Point well taken. I do think it's curious though, while not 'full vowels', that these two vowels are not mentioned. (Edit--the schwa is mentioned at the bottom of the page, I didn't see that. Oops. Still no rhotacized schwa, though.) I also (in my speech, don't worry, I'm not going to add anything without citations) have a minimal pair between Rosa's and roses, the latter vowel in the second being akin to a barred I, yet another reduced vowel. In a language like English, allophony is a considerable force. Does that merit discussion here? Not much is to be found on the English phonology page. Perhaps my vowels are more diphthongal than most (Pittsburgh [ou] for long /o/--almost a raising diphthong). Thanks for your input. ColinKennedy 18:28, 11 January 2006 (UTC)

The rhotacized schwa is mentioned at the bottom of the section on American English. Don't go all the way to the bottom of the page, cuz that's Australian English, which is of course non-rhotic. The section on American English does include the possibility of a roses/Rosa's distinction, though for some reason it has /ɨ/ instead of /ɪ/ as the vowel of roses. --Angr (tɔk) 19:12, 11 January 2006 (UTC)

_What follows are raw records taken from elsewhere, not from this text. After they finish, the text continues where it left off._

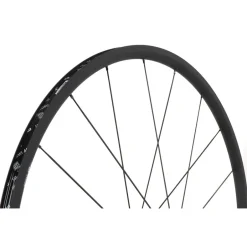 Wielen En Wielsets < DT Swiss PR 1400 DICUT 21 OXiC - Wielset - Clincher - RW Double Crossed - QR - zwart - Speciale Aanbieding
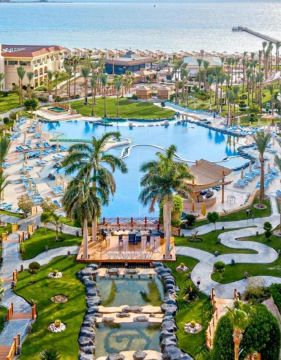 TROPITEL SAHL HASHEESH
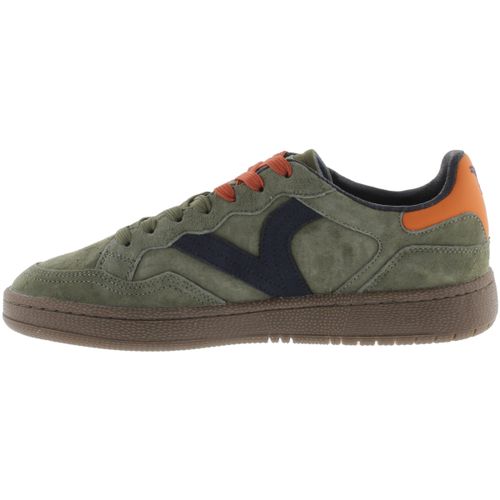 Baskets basses 8806120 kaki - Victoria - Modalova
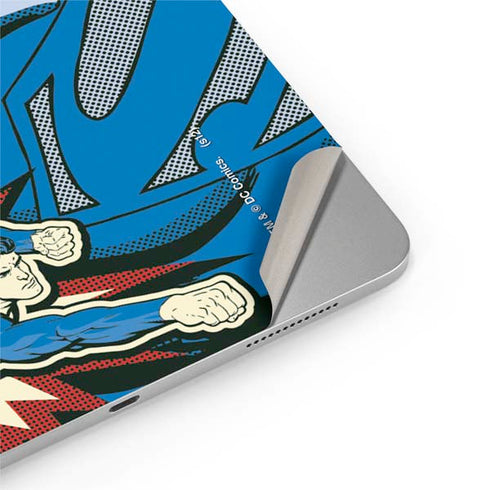 DC Comics Superman America's Hero iPad Pro 13in M4 (2024) Skin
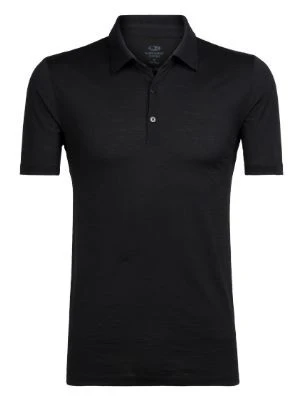 Icebreaker Mens Tech Lite SS Polo 1 Icebreaker Mens Tech Lite SS Polo
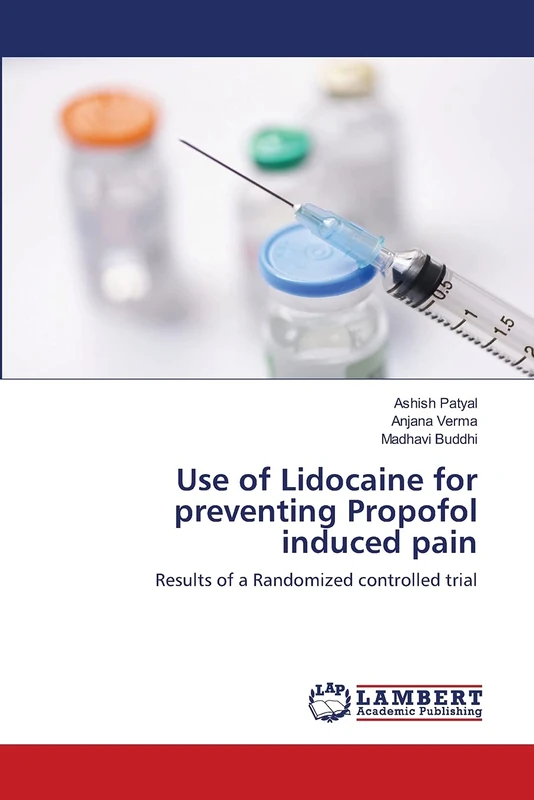 Use of Lidocaine for preventing Propofol induced pain: Results of a Randomized controlled trial - Image 1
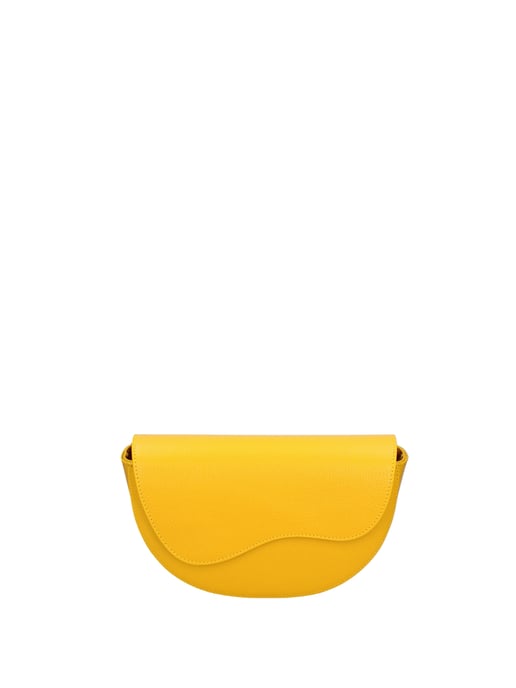 Roberta Rossi Riementasche Frauen YELLOW - Image 1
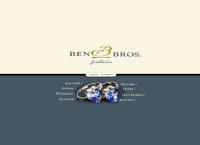 Site do Ben Bros Comércio e Indústria Ltda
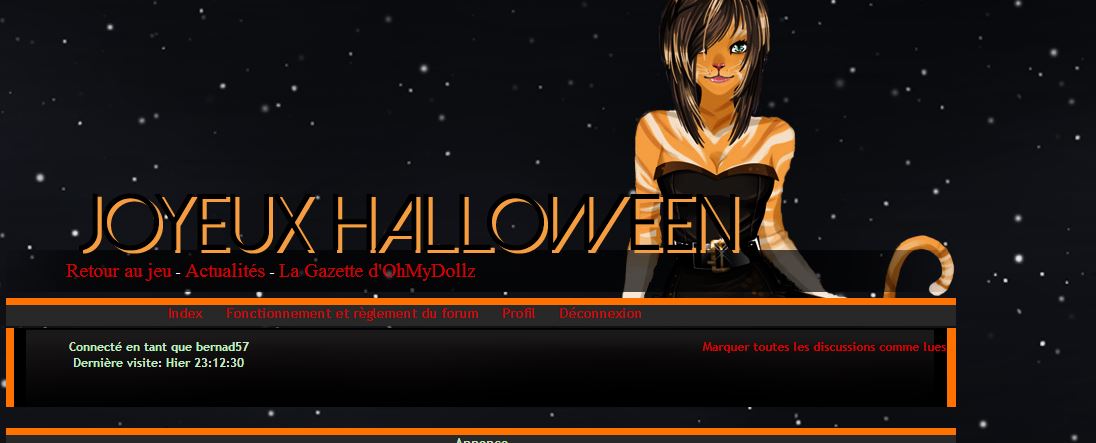 Forum OhMyDollz- Halloween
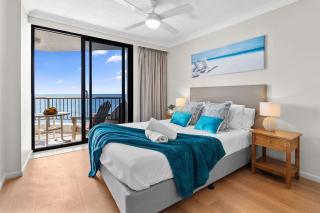 Sky High 2BR Ocean view Retreat - 7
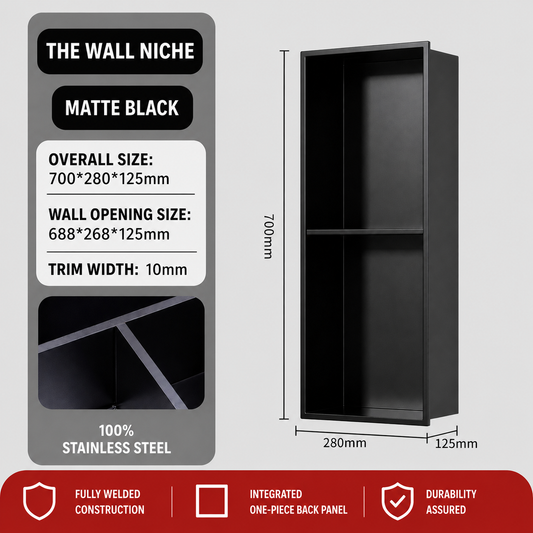 The Wall Niche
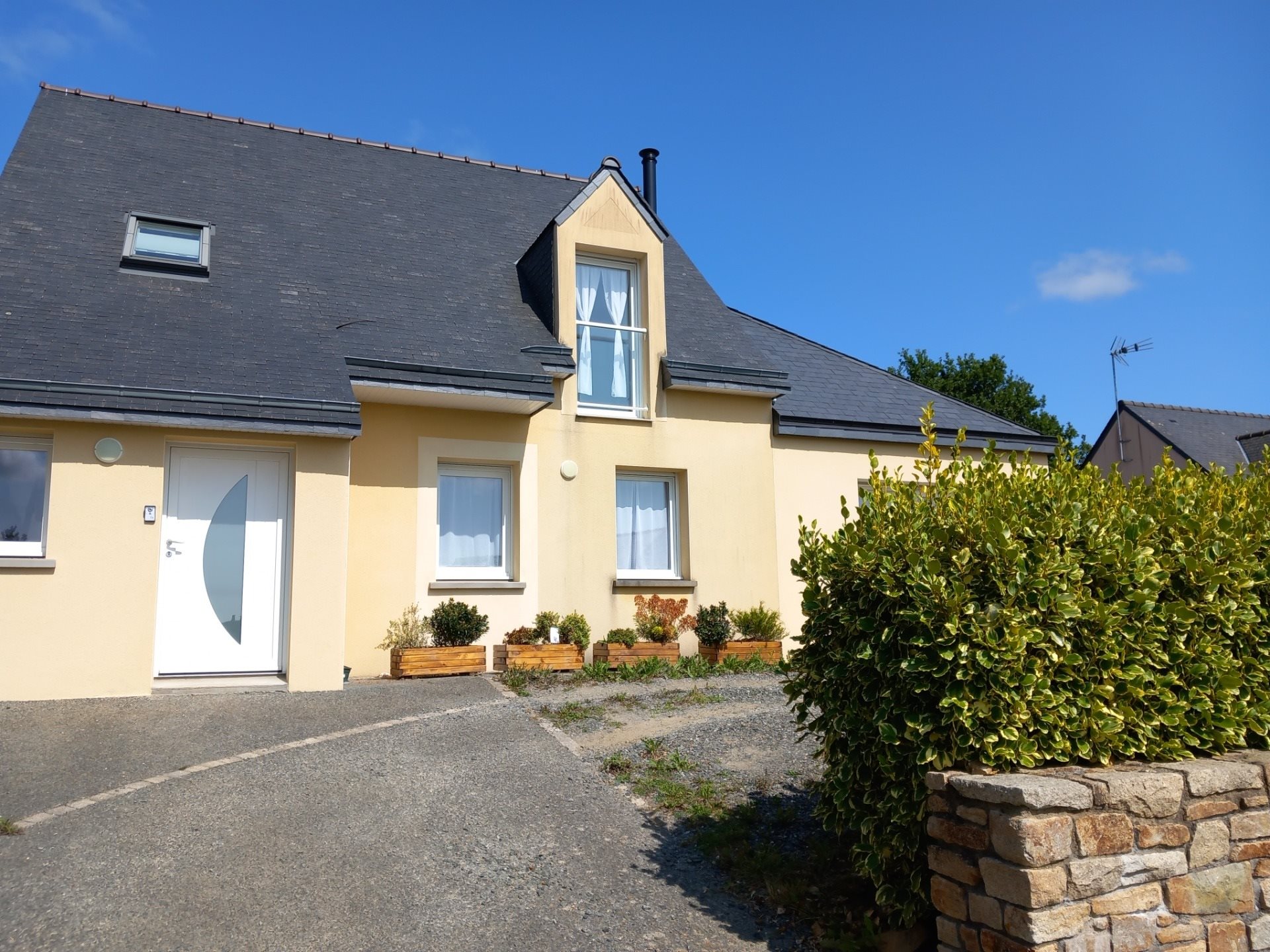 Maison à vendre, 122m², Lannion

Vowels before tautosyllabic /r/

A question for you IPA addicts:

I've always seen the vowels before tautosyllabic /r/ given lax symbols, as they are on this page. I'm talking about words like "beer" and "pear". I've never understood this. Don't most people pronounce "beer" with the vowel of "fleece" (rather than "Kit"), and "pear" with the vowel of "face" (rather than "dress")? In my accent, at least, (though I know it's not the same for everyone) "Mary" has the vowel of "pear" (which, I think, is FACE), while "merry" has the vowel of DRESS. If we use epsilon in words like "pear" then how can we capture this distinction? Even in accents in which "Mary" and "marry" are homophones, doesn't the vowel of "pear" belong with FACE? 128.36.66.222 04:48, 20 April 2006 (UTC)jpb—The preceding unsigned comment was added by 128.36.66.222 (talkcontribs) 02:00, 19 April 2006 (UTC)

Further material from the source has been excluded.